#### INSTRUCTIONS TO FOLLOW
From the first line to the last, restate the data exactly, leaving out the images.

++++ MATERIAL SUPPLIED

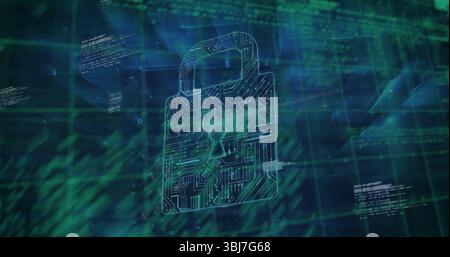 Showing stylized circuit-board padlock icon floating in digital interface, with green code streams Stock Photo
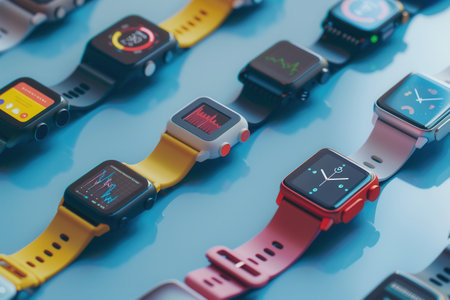 A close-up shot of several smartwatches and fitness trackers with vibrant colors and various displays showing health data and notifications.の素材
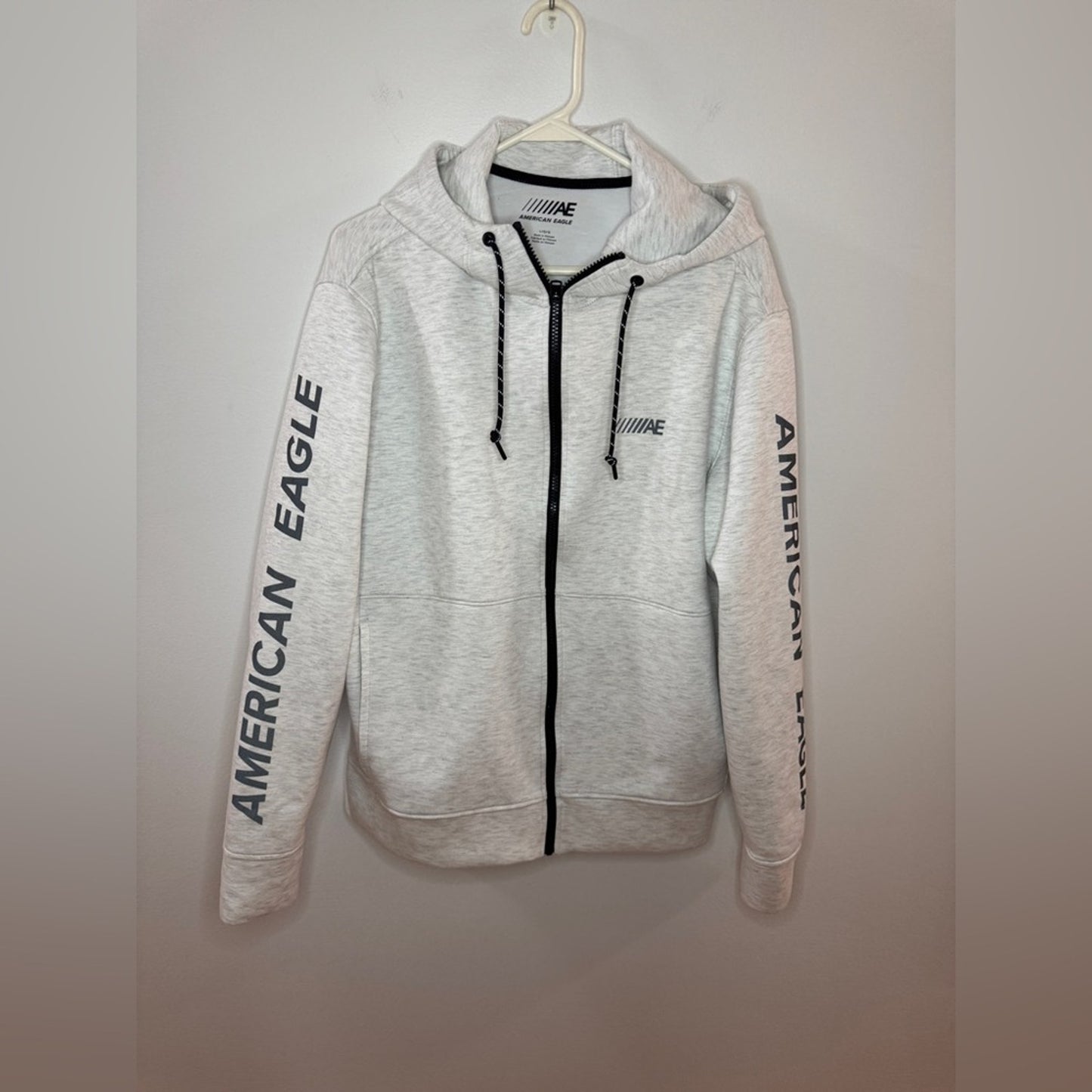 Pre-Owned LG American Eagle Light Heather Grey Athletic Zip Up Hoodie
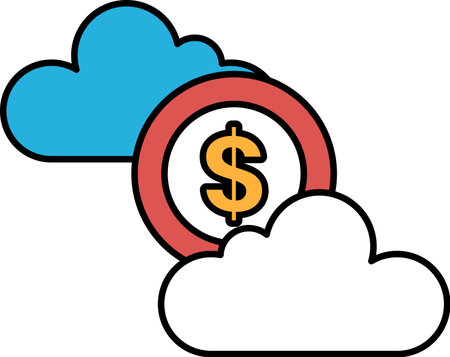 A cloud with a dollar sign in the middle. The dollar sign is red and whiteのイラスト素材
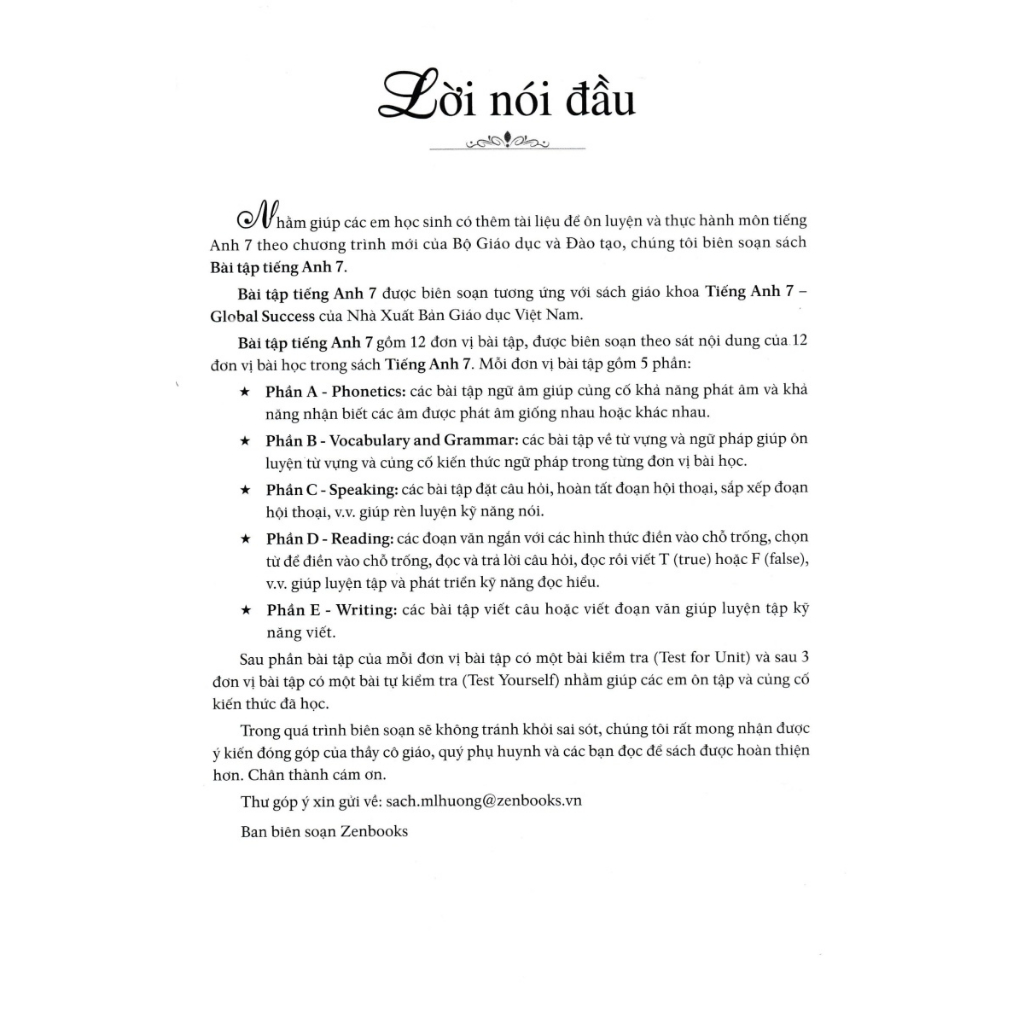Sách - Bài Tập Tiếng Anh Lớp 7 - Có Đáp Án - BT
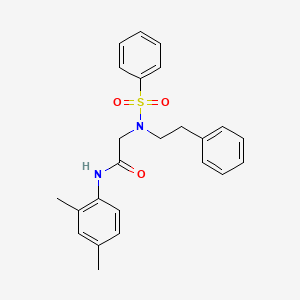 molecular formula C24H26N2O3S B7690303 N-(2,4-dimethylphenyl)-N~2~-(2-phenylethyl)-N~2~-(phenylsulfonyl)glycinamide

++++++++

#### RESULT OF THE TASK
 Showing stylized circuit-board padlock icon floating in digital interface, with green code streams Stock Photo
 A close-up shot of several smartwatches and fitness trackers with vibrant colors and various displays showing health data and notifications.の素材
 Pre-Owned LG American Eagle Light Heather Grey Athletic Zip Up Hoodie
 A cloud with a dollar sign in the middle. The dollar sign is red and whiteのイラスト素材
Sách - Bài Tập Tiếng Anh Lớp 7 - Có Đáp Án - BT
 molecular formula C24H26N2O3S B7690303 N-(2,4-dimethylphenyl)-N~2~-(2-phenylethyl)-N~2~-(phenylsulfonyl)glycinamide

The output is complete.